_Aim of the exercise_
A verbatim copy of the data is wanted, minus any picture in it.

_Dataset extract_
Content starts

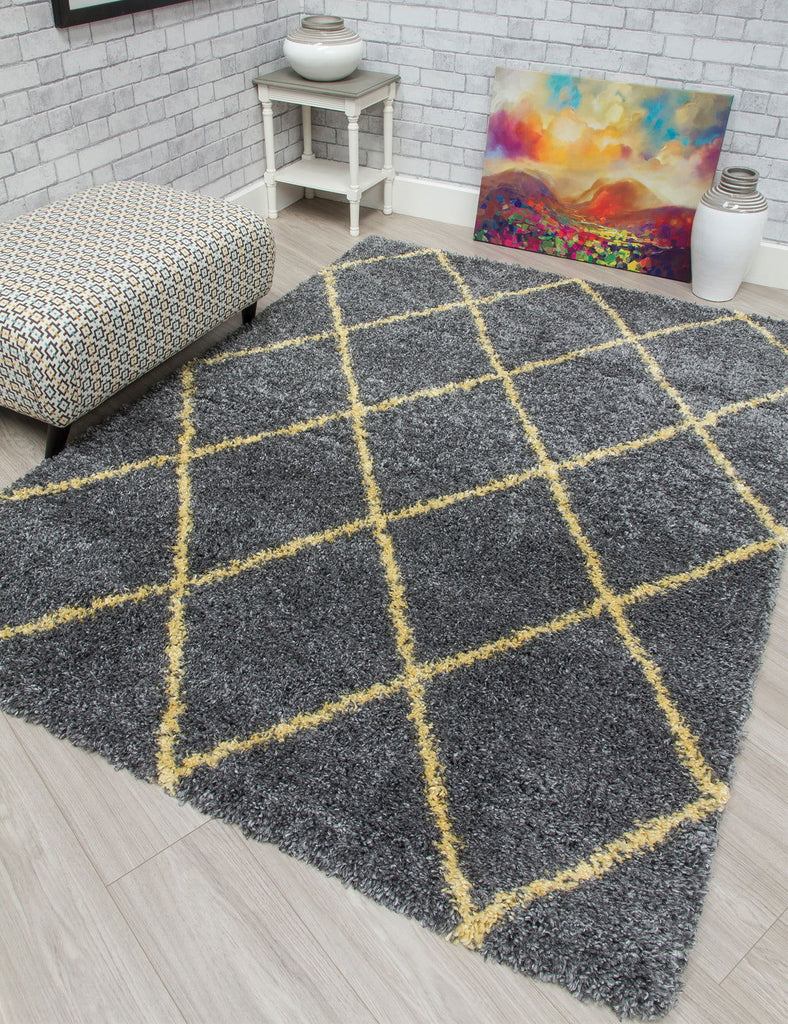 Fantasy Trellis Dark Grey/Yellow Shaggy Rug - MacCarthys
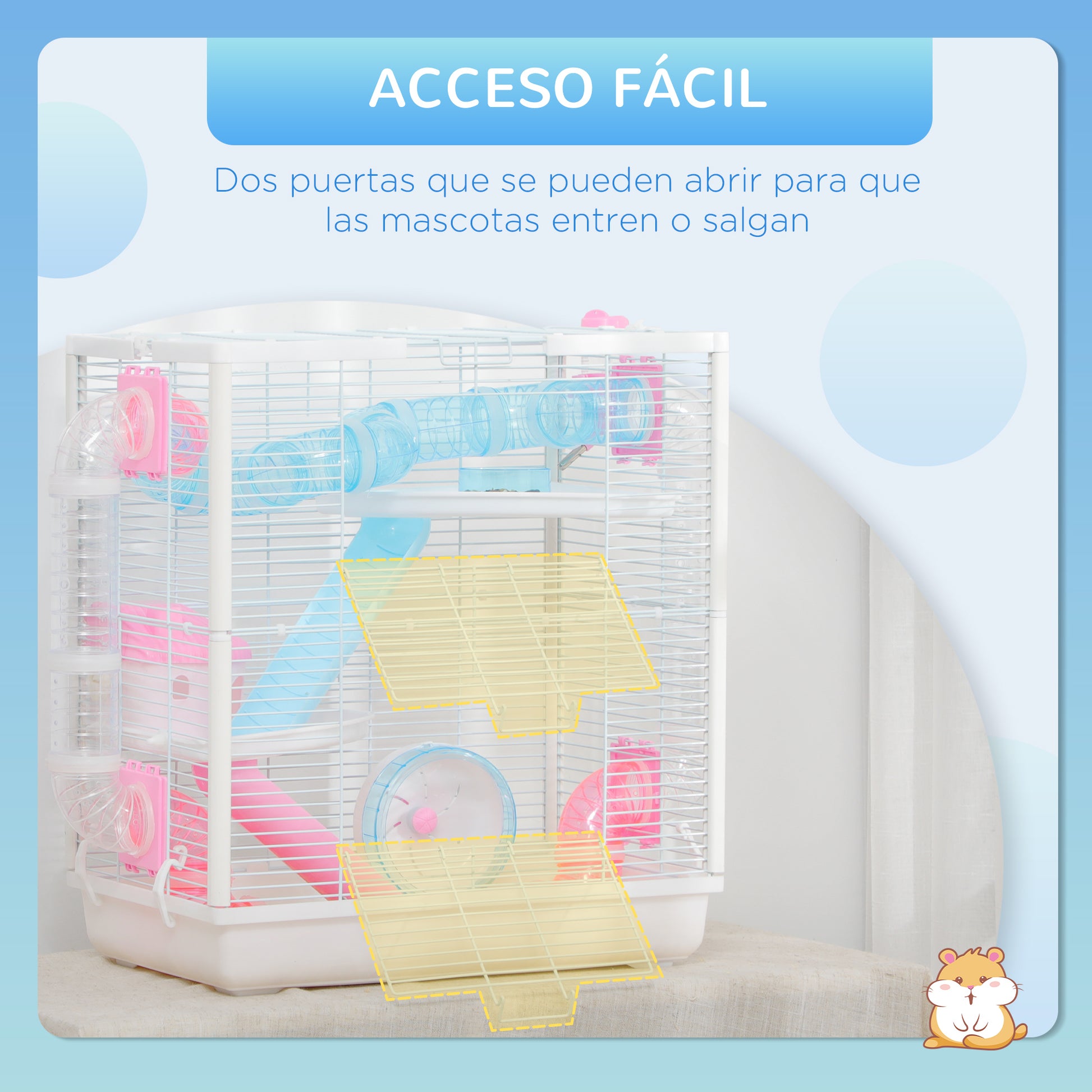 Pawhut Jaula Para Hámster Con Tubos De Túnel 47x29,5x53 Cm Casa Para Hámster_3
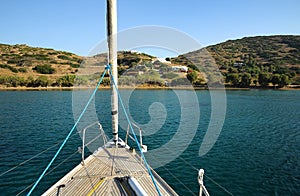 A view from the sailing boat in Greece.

Content ends

_Solution to this problem_
 Fantasy Trellis Dark Grey/Yellow Shaggy Rug - MacCarthys
 Pawhut Jaula Para Hámster Con Tubos De Túnel 47x29,5x53 Cm Casa Para Hámster_3
 A view from the sailing boat in Greece.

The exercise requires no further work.